EXERCISE AIM: Gather each line of the records where "with" appears.
______________________________
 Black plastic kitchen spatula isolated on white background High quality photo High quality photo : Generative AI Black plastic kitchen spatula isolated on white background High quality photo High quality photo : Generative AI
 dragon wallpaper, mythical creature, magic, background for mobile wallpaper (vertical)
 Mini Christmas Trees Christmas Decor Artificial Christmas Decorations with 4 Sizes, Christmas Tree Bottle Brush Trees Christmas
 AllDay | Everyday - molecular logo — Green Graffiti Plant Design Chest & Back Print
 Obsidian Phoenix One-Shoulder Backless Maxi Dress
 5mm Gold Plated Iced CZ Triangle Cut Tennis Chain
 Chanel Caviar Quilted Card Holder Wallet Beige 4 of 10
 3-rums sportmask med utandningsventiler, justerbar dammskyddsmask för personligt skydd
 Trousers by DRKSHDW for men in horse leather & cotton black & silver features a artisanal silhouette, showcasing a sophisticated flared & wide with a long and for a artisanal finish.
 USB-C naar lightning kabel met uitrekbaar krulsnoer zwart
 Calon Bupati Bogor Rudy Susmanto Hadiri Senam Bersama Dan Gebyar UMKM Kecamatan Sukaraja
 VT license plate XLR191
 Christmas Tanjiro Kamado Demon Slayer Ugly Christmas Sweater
______________________________
REPLY TO THE TASK:
 Mini Christmas Trees Christmas Decor Artificial Christmas Decorations with 4 Sizes, Christmas Tree Bottle Brush Trees Christmas
 Trousers by DRKSHDW for men in horse leather & cotton black & silver features a artisanal silhouette, showcasing a sophisticated flared & wide with a long and for a artisanal finish.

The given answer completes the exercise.